Look through the lines below and extract any with the word "Miles".

> [Task inputs]:
= = = = = = =
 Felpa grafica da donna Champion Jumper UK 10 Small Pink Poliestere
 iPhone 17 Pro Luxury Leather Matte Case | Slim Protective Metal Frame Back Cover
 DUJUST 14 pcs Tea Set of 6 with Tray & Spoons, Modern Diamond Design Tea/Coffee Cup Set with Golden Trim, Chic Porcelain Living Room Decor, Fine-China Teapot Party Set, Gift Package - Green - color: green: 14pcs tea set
= = = = = = =
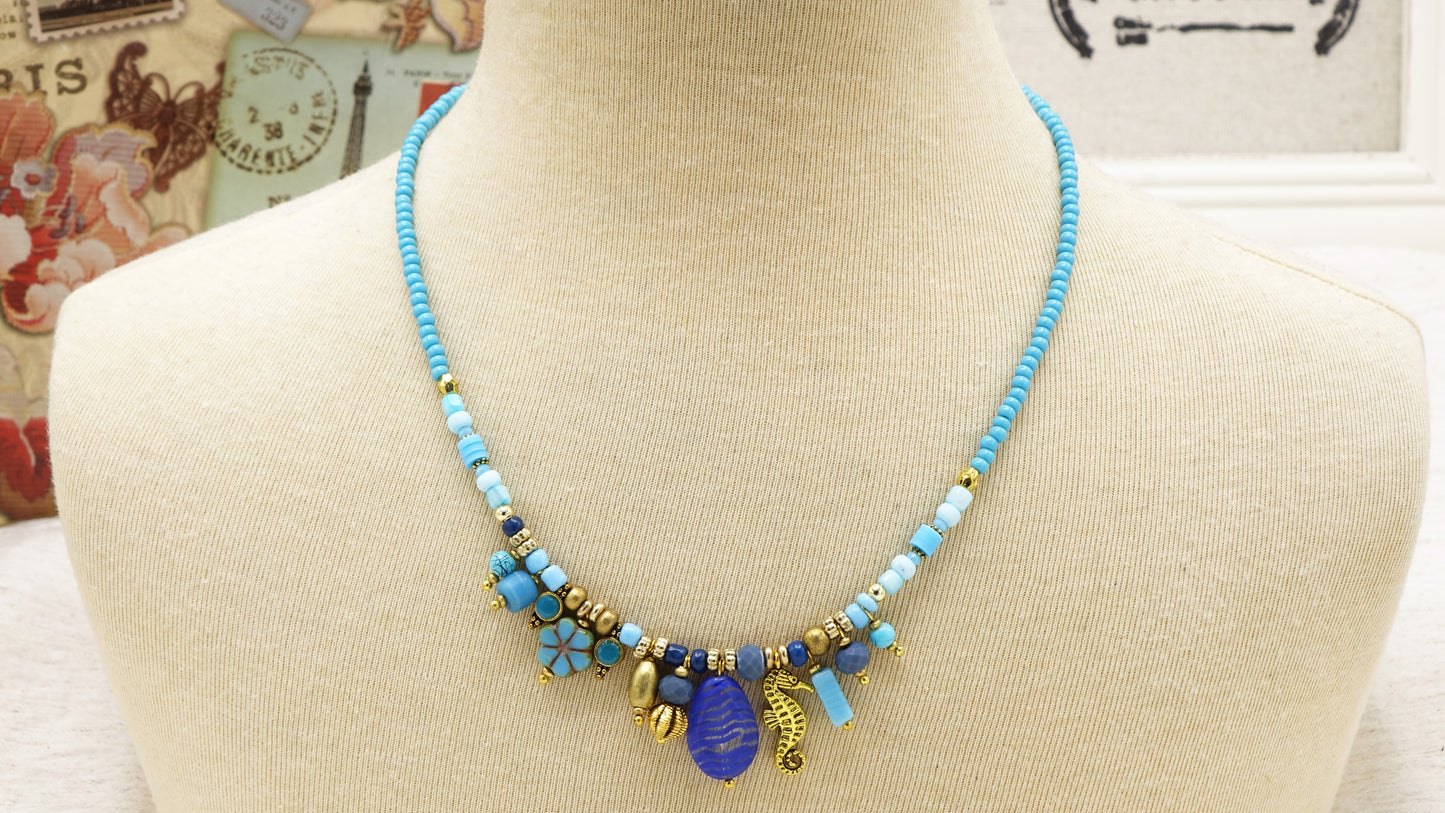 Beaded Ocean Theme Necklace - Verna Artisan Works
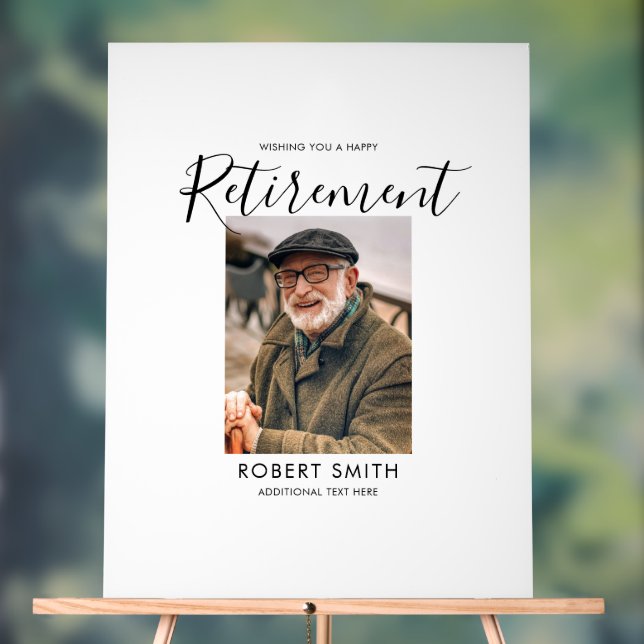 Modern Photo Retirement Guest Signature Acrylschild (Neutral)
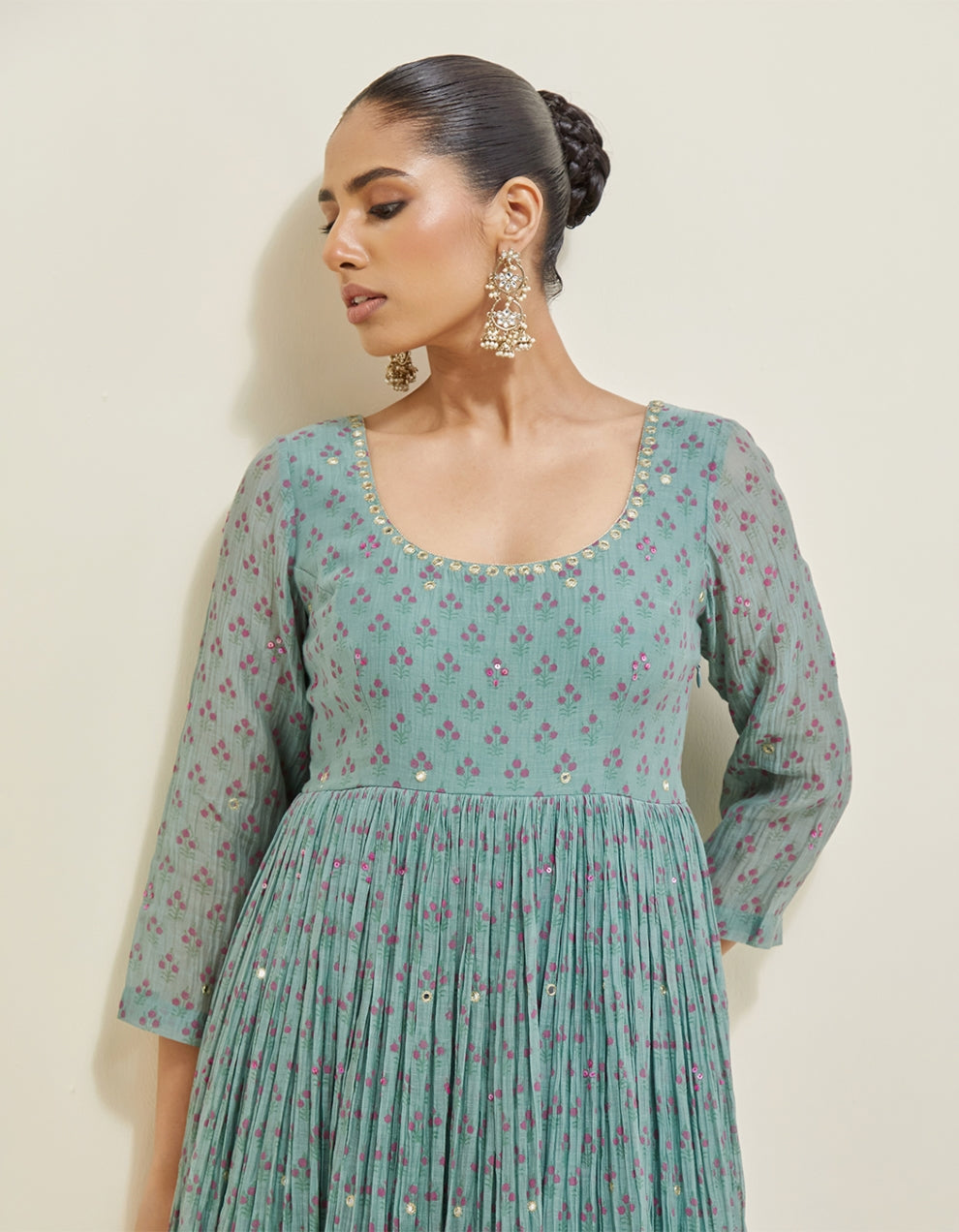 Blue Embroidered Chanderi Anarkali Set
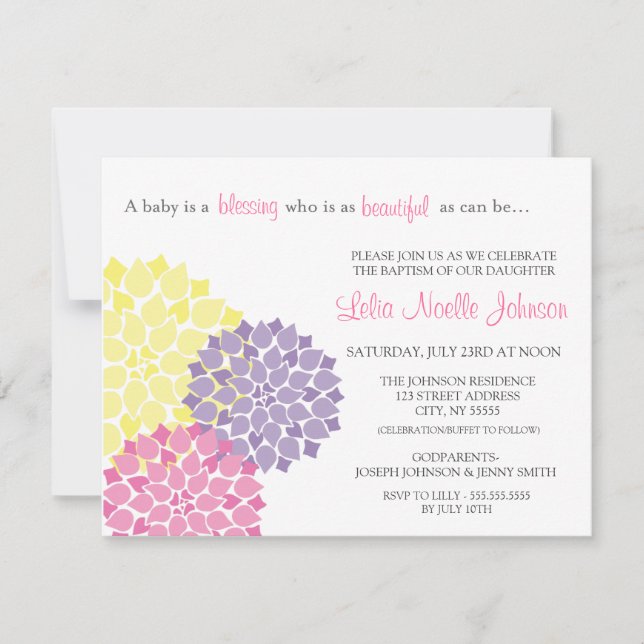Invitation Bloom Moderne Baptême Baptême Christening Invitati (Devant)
= = = = = = =
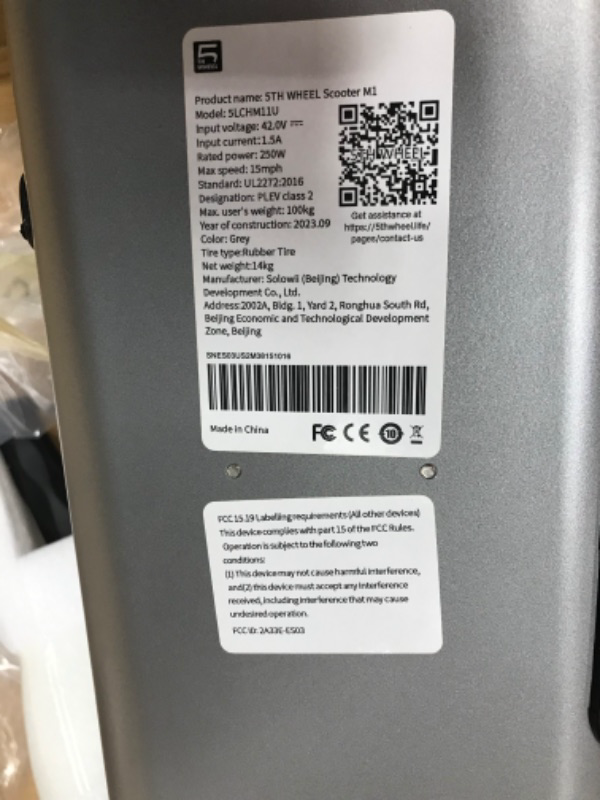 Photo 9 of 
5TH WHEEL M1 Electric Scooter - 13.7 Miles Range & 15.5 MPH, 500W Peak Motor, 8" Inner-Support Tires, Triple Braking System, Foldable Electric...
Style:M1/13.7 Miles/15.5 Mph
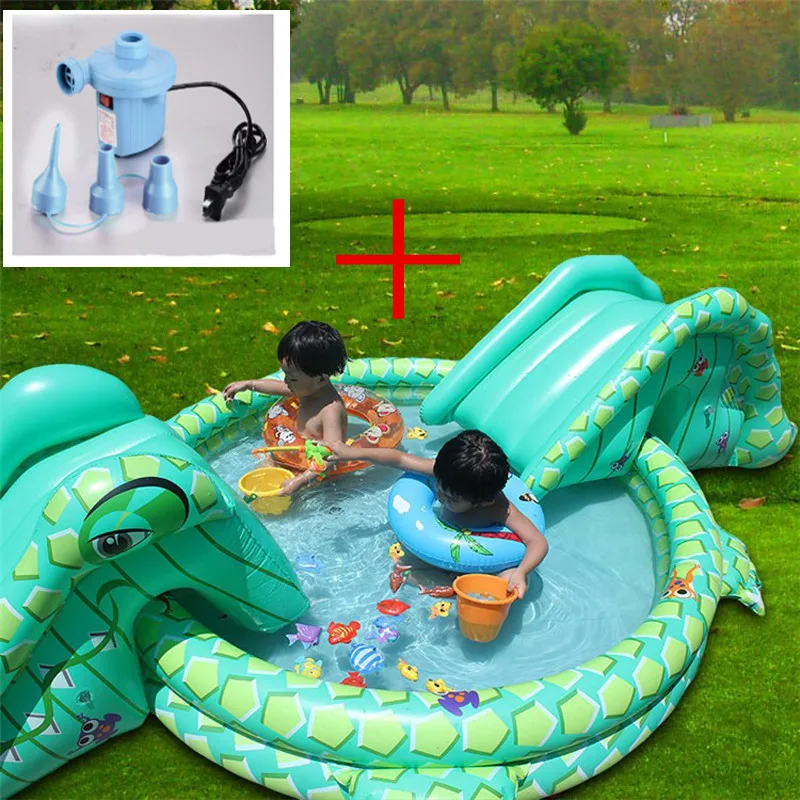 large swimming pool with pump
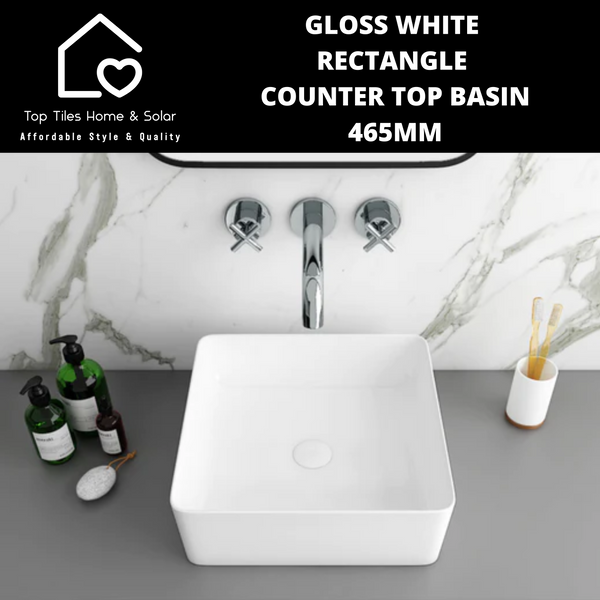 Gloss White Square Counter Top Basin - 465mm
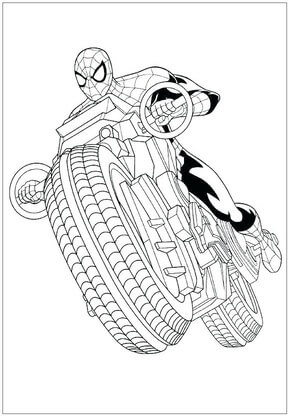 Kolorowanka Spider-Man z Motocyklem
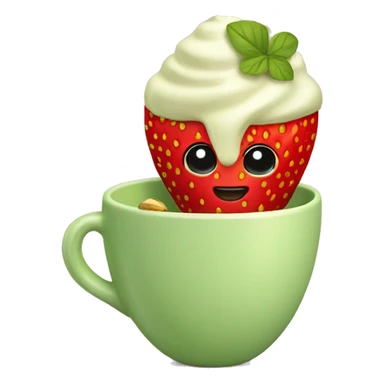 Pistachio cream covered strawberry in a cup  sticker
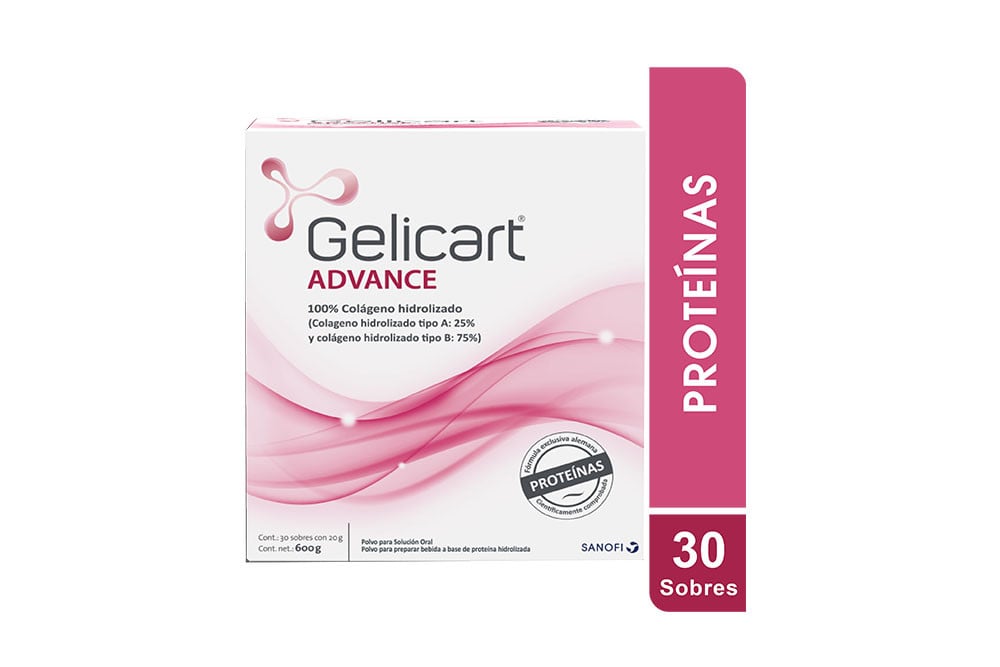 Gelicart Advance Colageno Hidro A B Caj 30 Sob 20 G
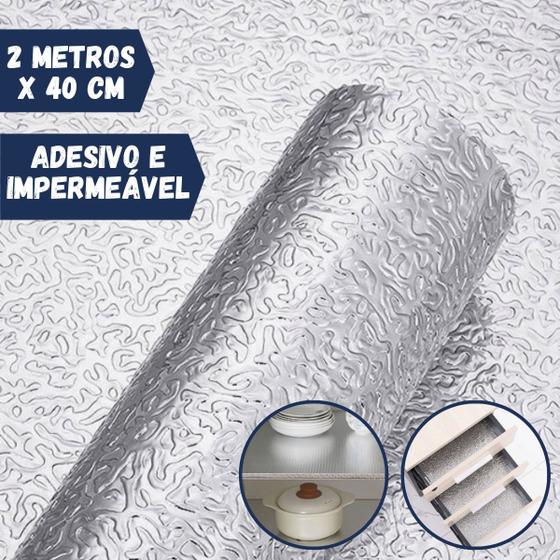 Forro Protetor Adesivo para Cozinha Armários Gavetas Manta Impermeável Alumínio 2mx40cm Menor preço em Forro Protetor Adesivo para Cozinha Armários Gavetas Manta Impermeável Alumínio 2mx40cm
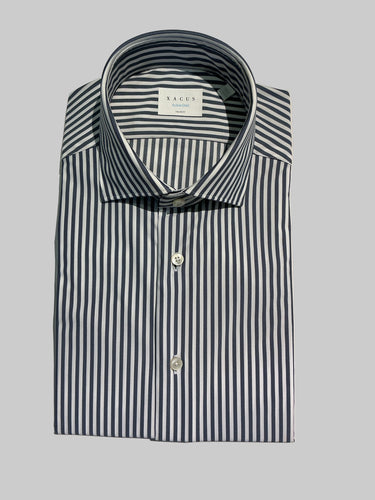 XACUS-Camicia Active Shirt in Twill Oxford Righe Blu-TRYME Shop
= = = = = = =
> [Written solution]:
5TH WHEEL M1 Electric Scooter - 13.7 Miles Range & 15.5 MPH, 500W Peak Motor, 8" Inner-Support Tires, Triple Braking System, Foldable Electric...
Style:M1/13.7 Miles/15.5 Mph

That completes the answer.